──────── Data section ────────

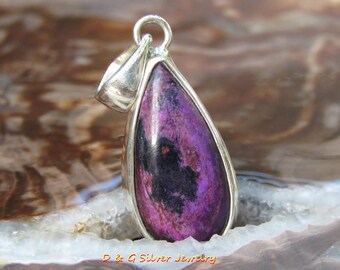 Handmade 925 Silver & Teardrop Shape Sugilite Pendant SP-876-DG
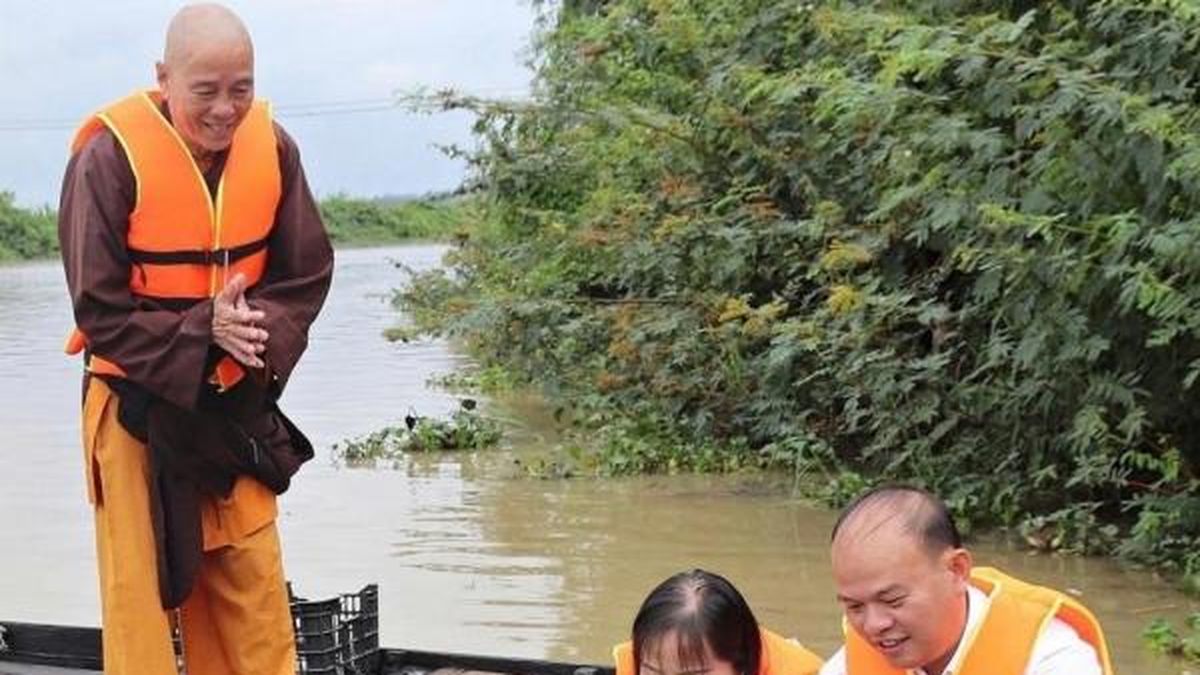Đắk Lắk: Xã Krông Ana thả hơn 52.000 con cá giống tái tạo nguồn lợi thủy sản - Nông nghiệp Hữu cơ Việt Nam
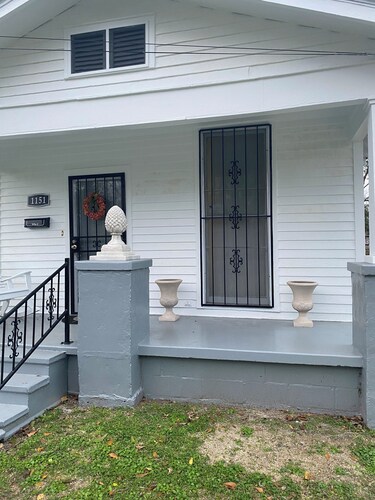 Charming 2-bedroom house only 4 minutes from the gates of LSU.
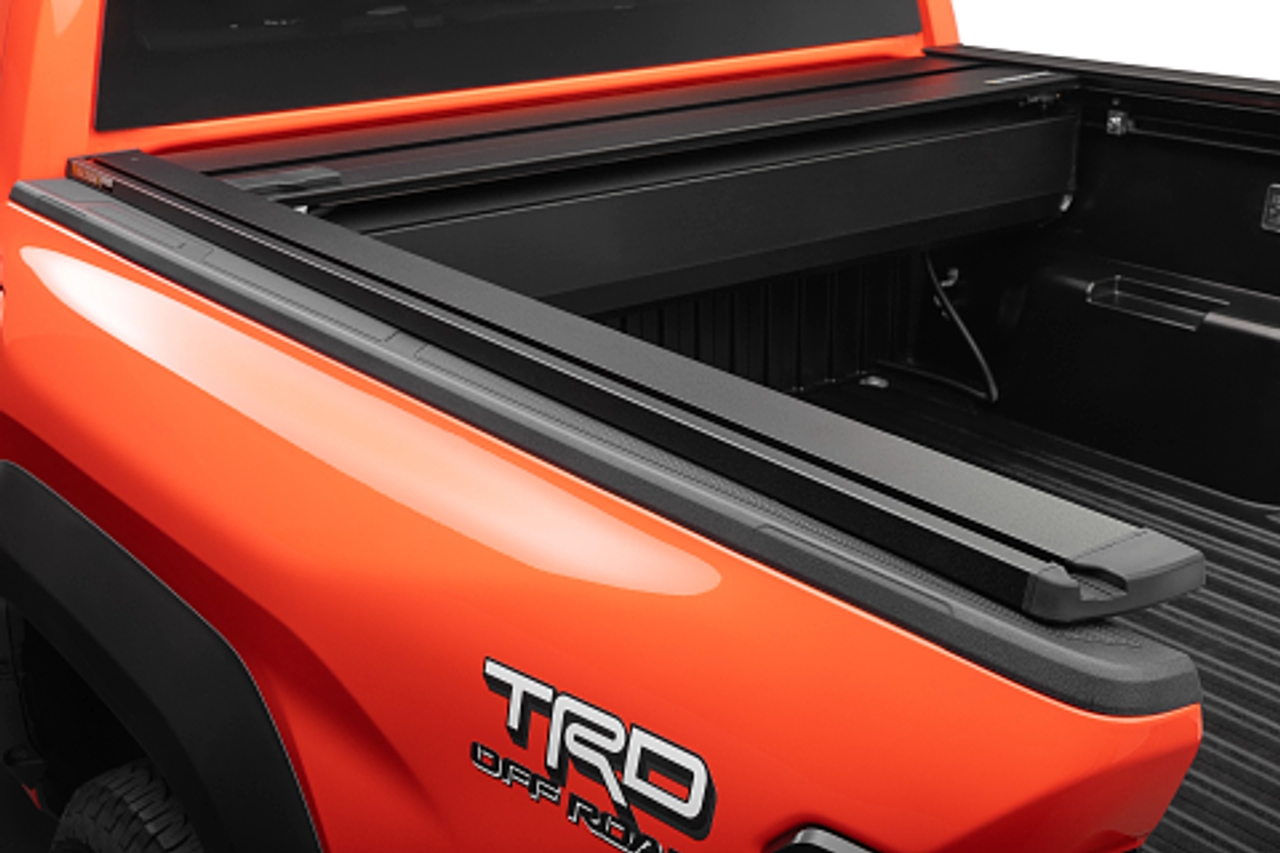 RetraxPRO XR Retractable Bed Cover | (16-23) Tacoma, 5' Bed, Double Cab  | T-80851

────────

-- About this task --
Restate word for word only the lines that run from the line holding "Charming 2-bedroom house" to the end of the data, both ends kept, leaving every picture out.

-- Your solution --
 Charming 2-bedroom house only 4 minutes from the gates of LSU.
 RetraxPRO XR Retractable Bed Cover | (16-23) Tacoma, 5' Bed, Double Cab  | T-80851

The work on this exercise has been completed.